Task material.
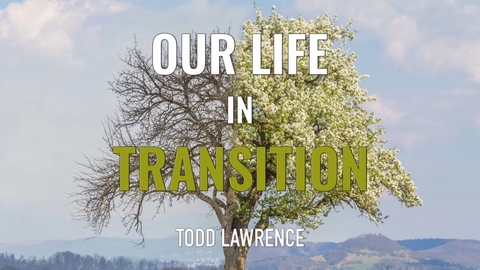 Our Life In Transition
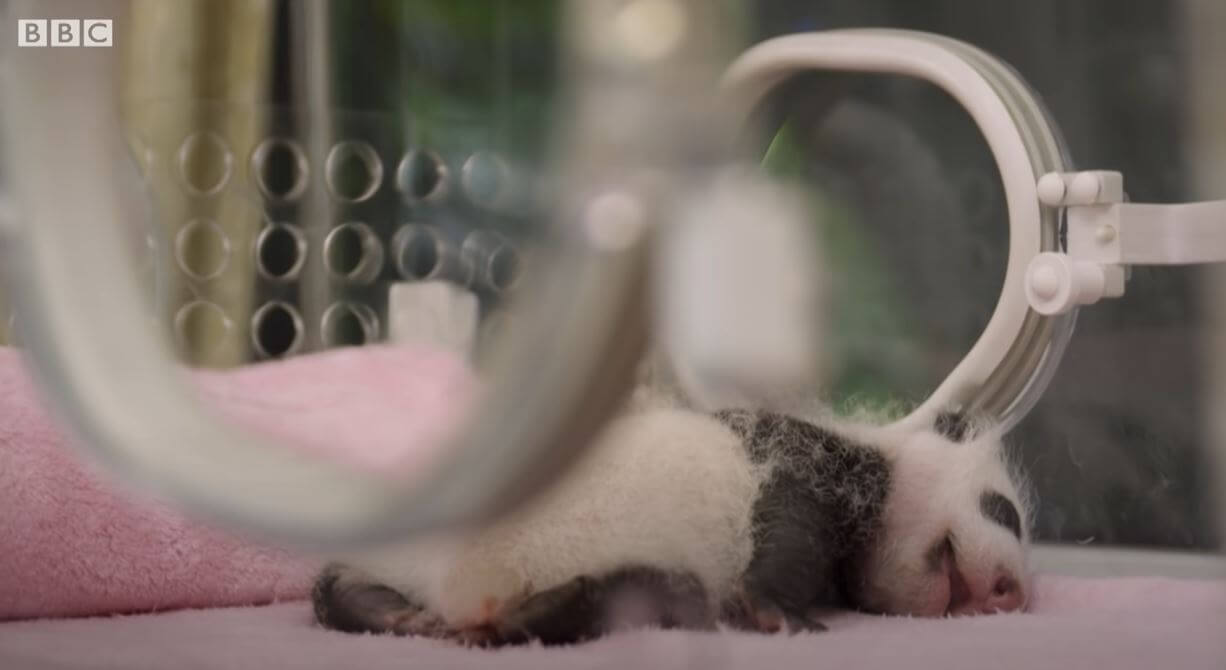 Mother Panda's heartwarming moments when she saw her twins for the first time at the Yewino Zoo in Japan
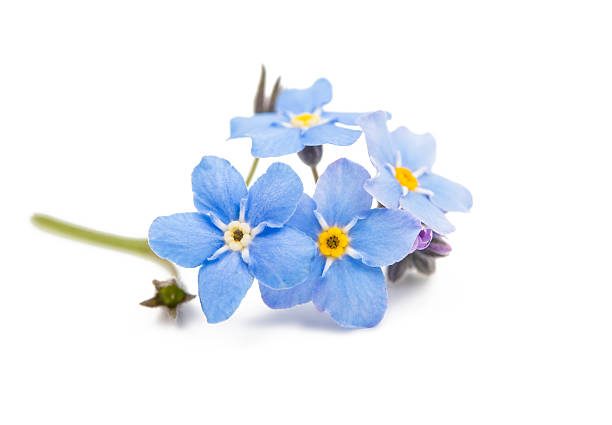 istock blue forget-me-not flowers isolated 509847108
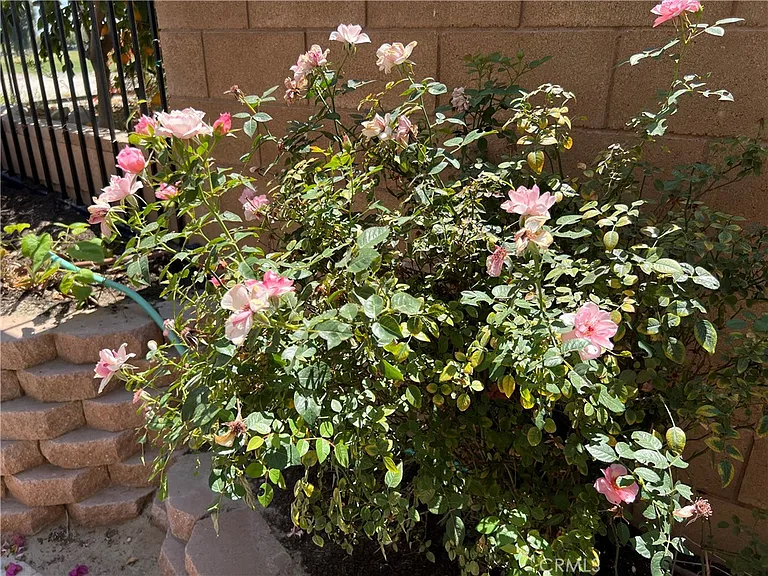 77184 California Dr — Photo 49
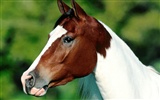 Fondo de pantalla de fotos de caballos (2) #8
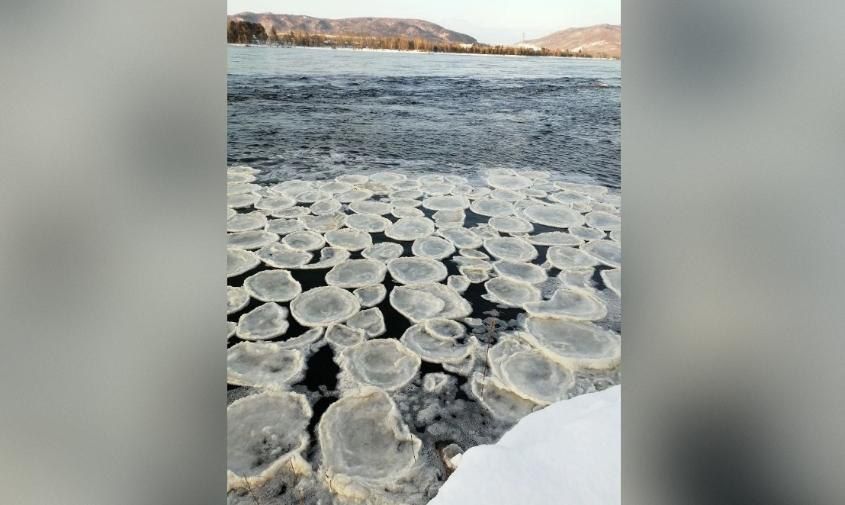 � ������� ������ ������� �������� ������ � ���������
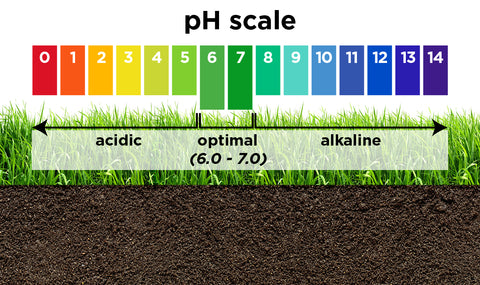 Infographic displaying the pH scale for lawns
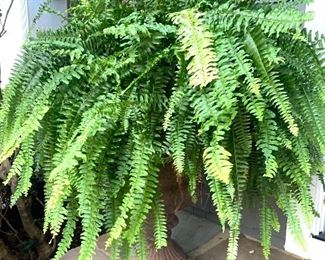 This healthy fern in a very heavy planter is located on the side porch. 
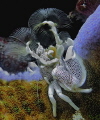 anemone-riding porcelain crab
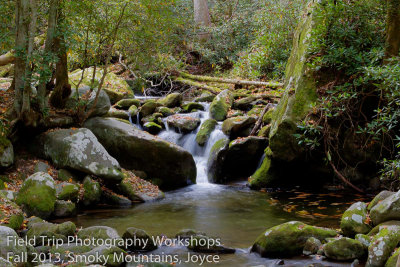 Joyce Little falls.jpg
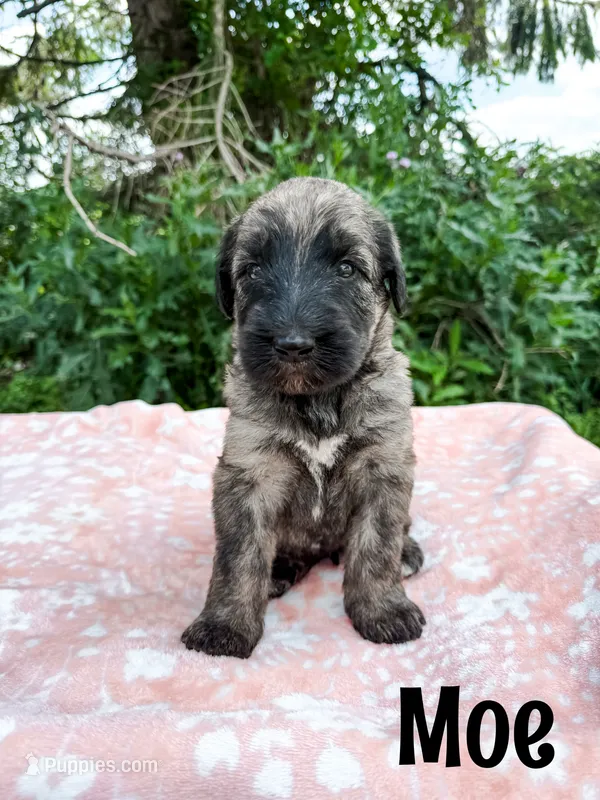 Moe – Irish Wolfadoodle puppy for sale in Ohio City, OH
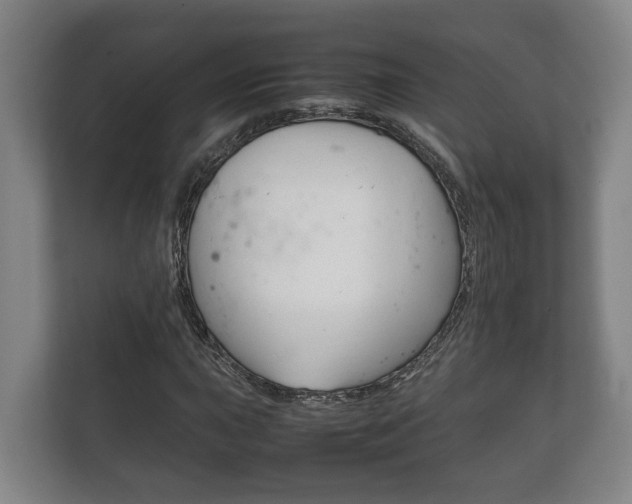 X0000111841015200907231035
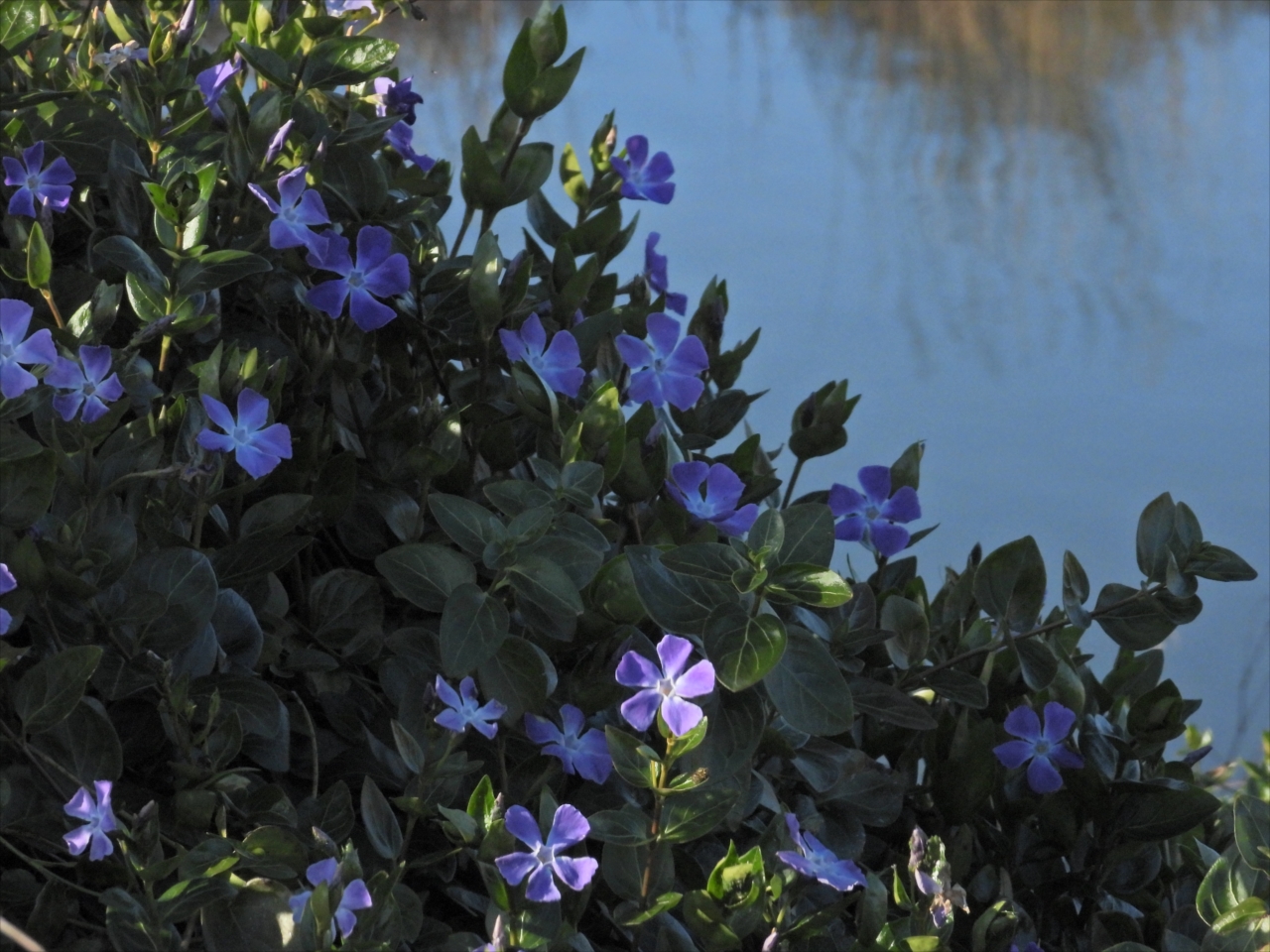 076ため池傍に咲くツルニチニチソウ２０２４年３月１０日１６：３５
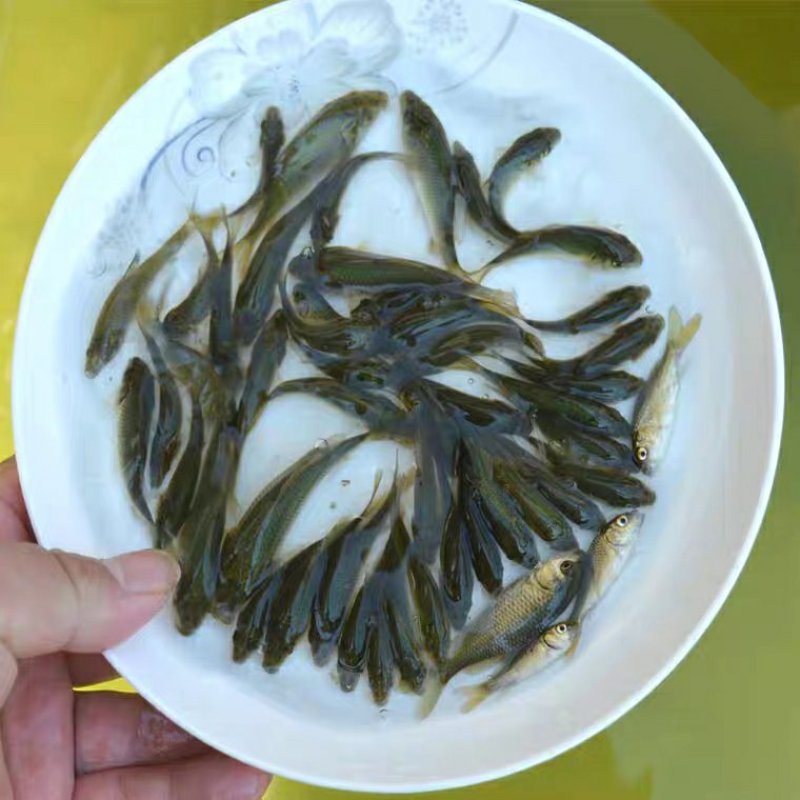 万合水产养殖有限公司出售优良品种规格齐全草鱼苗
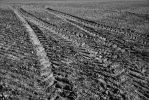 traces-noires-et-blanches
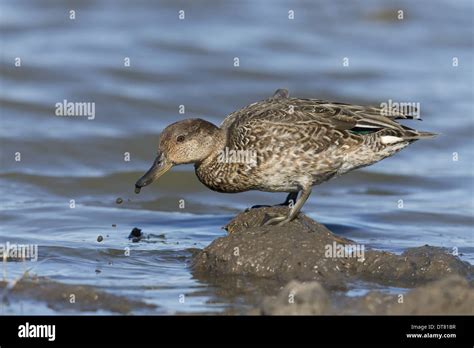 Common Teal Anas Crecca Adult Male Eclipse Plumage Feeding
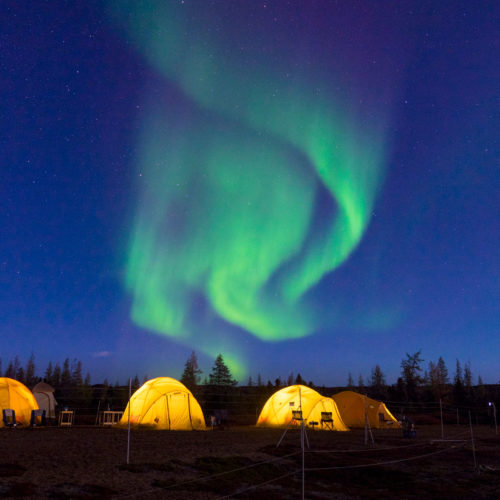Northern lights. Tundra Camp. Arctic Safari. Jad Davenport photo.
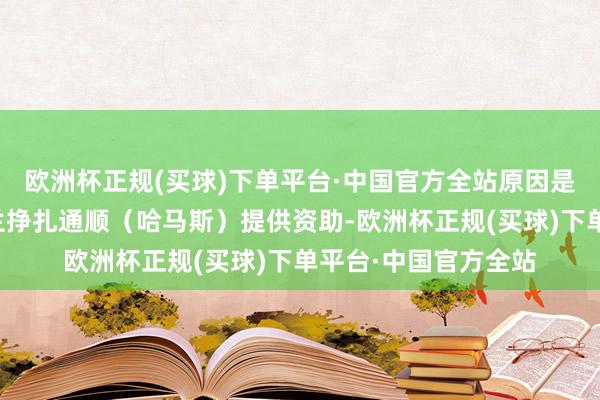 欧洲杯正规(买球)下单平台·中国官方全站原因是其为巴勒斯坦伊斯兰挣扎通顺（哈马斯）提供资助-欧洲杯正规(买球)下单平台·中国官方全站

How to complete this task. Starting from the first line of the entries above, print each line exactly until the line containing "traces-noires-et-blanches" has been printed, and skip the pictures.

Task response.
 Our Life In Transition
 Mother Panda's heartwarming moments when she saw her twins for the first time at the Yewino Zoo in Japan
 istock blue forget-me-not flowers isolated 509847108
 77184 California Dr — Photo 49
 Fondo de pantalla de fotos de caballos (2) #8
 � ������� ������ ������� �������� ������ � ���������
 Infographic displaying the pH scale for lawns
 This healthy fern in a very heavy planter is located on the side porch. 
 anemone-riding porcelain crab
 Joyce Little falls.jpg
 Moe – Irish Wolfadoodle puppy for sale in Ohio City, OH
 X0000111841015200907231035
 076ため池傍に咲くツルニチニチソウ２０２４年３月１０日１６：３５
 万合水产养殖有限公司出售优良品种规格齐全草鱼苗
 traces-noires-et-blanches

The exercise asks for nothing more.